The Death of DVD Sales in Korea a Trailer for U.S. Coming Attraction?

[qi:_newteevee] Hollywood take note: Sony Pictures is the sixth (and final) major movie studio to pull up stakes in South Korea, where blazing fast, ubiquitous broadband has sucker-punched the market for DVD sales and rentals, NewTeeVee reports today. In Korea, where average broadband penetration rate by household hit 90.1 percent last year (and in Seoul reached 107.8 percent), nearly 50 percent of Internet users say they download movies, and the typical users is downloading about a movie a week. Unsurprisingly, perhaps, DVD sales have more than halved between 2008 and 2002, and rental shops feel to a third of their 2001 numbers by the end of 2007.

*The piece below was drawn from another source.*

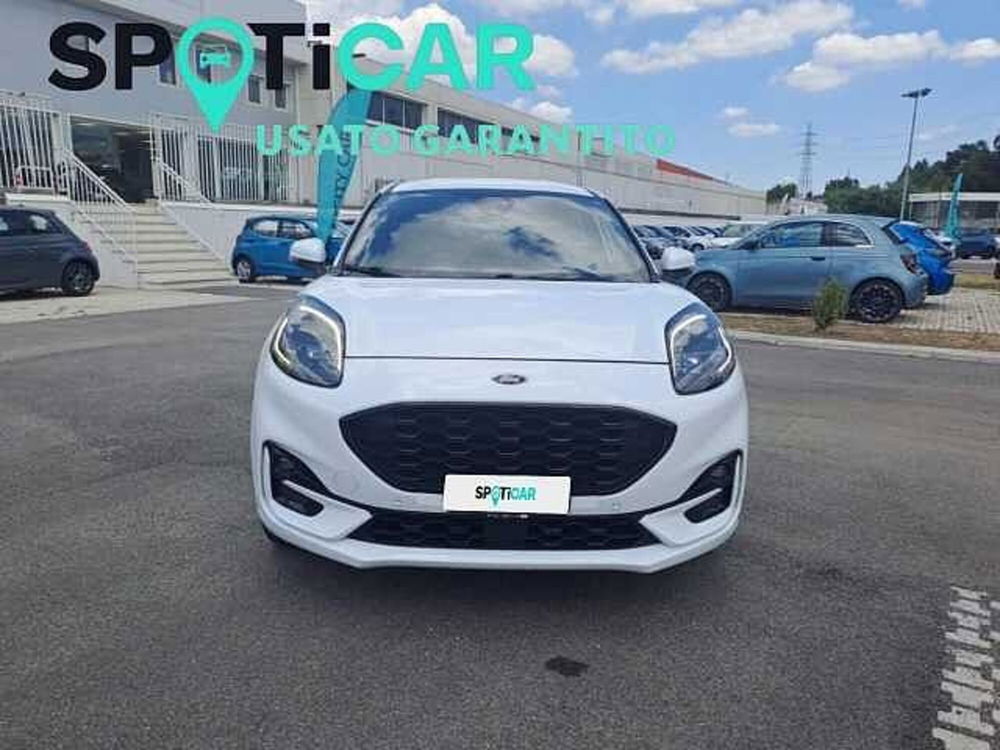 Ford Puma usata a Roma (2)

But here’s the real zinger: In the face of ubiquitous broadband, DVDs won’t be replaced by other physical formats or even VOD services, but by the cloud. At the center of the Korean downloading craze are web-based storage solutions — so-called “webhard” services — originally popularized by LG. Today, there are dozens of vendors, with some offering up to 1 Terabyte of storage space for free. The services are monetized through priority access points that guarantee higher speeds. Rather than fighting the trend, Korean film studios are joining the cloud and starting a webhard-based movie download service by the end of the year.